Минул причудливый, переменчивый апрель. Светлый май настал, веселый, любимый месяц у всех славянских племен и народностей, разбросанных от Балтики до Днепра-реки, от Каменного пояса до темных вершин Карпатского горного кряжа, отраженного в истоках Дуная-реки.
Песни хороводные звучат на всех зеленеющих свежей травой луговых просторах, на всех полянках лесных, под свежей, кудрявой листвою, где белеются тонкие стволы березок в свежей, ароматной мгле оживших с весною рощ и лесов.
Ой, Ладо, деда-Ладо!
Ты, Ладо, Лель-лели!
Так поют на заре вечерней звонкие девичьи голоса. И откликается им из прибрежных темных кустов переливчатая, томящая сердце трель соловьиная…
Веселье и радость принесла с собой весна-красна, любимица народная.
Только смутны люди на Москве, в столице великокняжеской. Печаль и горе в Старицком городке, во всех вотчинах и городах удельного князя Андрея.
Не успел миновать желанного западного рубежа Андрей Иванович. Перерезали ему дорогу московские полки.
Нерешительный князь не знал, что и делать. Людей ратных мало. Последних заслал на "берег царства", к Коломне да к Серпухову, как было из Москвы приказано.
А сам без полков остался. В бега князь уж пустился, на Москву не поехал по зову. Значит: повороту на мир быть не может. Прийти с повинной – так и жив не будешь: запытают враги на Москве, живого замучают!
Знает это хорошо Андрей и не решается: как ему тут быть?

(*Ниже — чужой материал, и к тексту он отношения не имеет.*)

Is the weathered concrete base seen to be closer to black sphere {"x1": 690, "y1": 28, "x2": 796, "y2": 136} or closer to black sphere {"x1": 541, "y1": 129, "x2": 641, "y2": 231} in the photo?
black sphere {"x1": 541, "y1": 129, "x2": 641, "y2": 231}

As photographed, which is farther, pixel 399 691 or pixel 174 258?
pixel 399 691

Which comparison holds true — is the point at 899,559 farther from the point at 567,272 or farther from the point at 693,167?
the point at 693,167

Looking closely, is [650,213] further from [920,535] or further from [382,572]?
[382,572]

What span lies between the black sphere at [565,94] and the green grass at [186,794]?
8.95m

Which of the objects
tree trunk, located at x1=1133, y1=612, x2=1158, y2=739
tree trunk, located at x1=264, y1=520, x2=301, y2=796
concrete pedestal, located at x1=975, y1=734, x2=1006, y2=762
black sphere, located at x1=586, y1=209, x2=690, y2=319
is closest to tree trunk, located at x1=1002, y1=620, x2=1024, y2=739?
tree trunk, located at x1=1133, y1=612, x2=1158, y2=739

– На Северские земли да на Новгород путь поверни! – советуют ему ближайшие его друзья и пособники, непримиримые враги Глинских: князья Воротынский Иван Федорович, и Вельский Иван Михайлович, и Пенинские оба брата, Иван и Юрий. Роду они Оболенских, только и слышать не могут об Овчине-Телепне, о родиче своем младшем, который им дорогу перешел и первым на Москве человеком стал. Пронский князь, Федор Григорьевич, старик боярин, советчик лучший Андрея, тоже говорит:
– Крутеньку кашу заварили мы, княже. Надоть и расхлебывать, как-никак. Айда на новгородские поветы, на северские волости. Люди там вольны живут. Гляди, к нам не пристанут ли супротив Москвы. Захватить бы Новгород нам посчастливило. Тогда бы…
– В те поры ладно бы, что и толковать! – воспрянув духом, согласился нерешительный от природы князь и 2 мая выступил в поход.
А за день до того вперед послал гонцов с грамотами ко всем окольным своим и новгородским людям на погосты, в усадьбы и по городкам по всяким по ближним.
Свободолюбивые, буйные обитатели новгородских пятин и волостей, помещики, дети боярские с погостов и из городов, из усадеб и выселков и тяглые люди побойчее – сразу тысячи народу откликнулись на зов князя и стали стекаться в сборные пункты, формируя отряды ратных людей, запасаясь оружием и боевым припасом.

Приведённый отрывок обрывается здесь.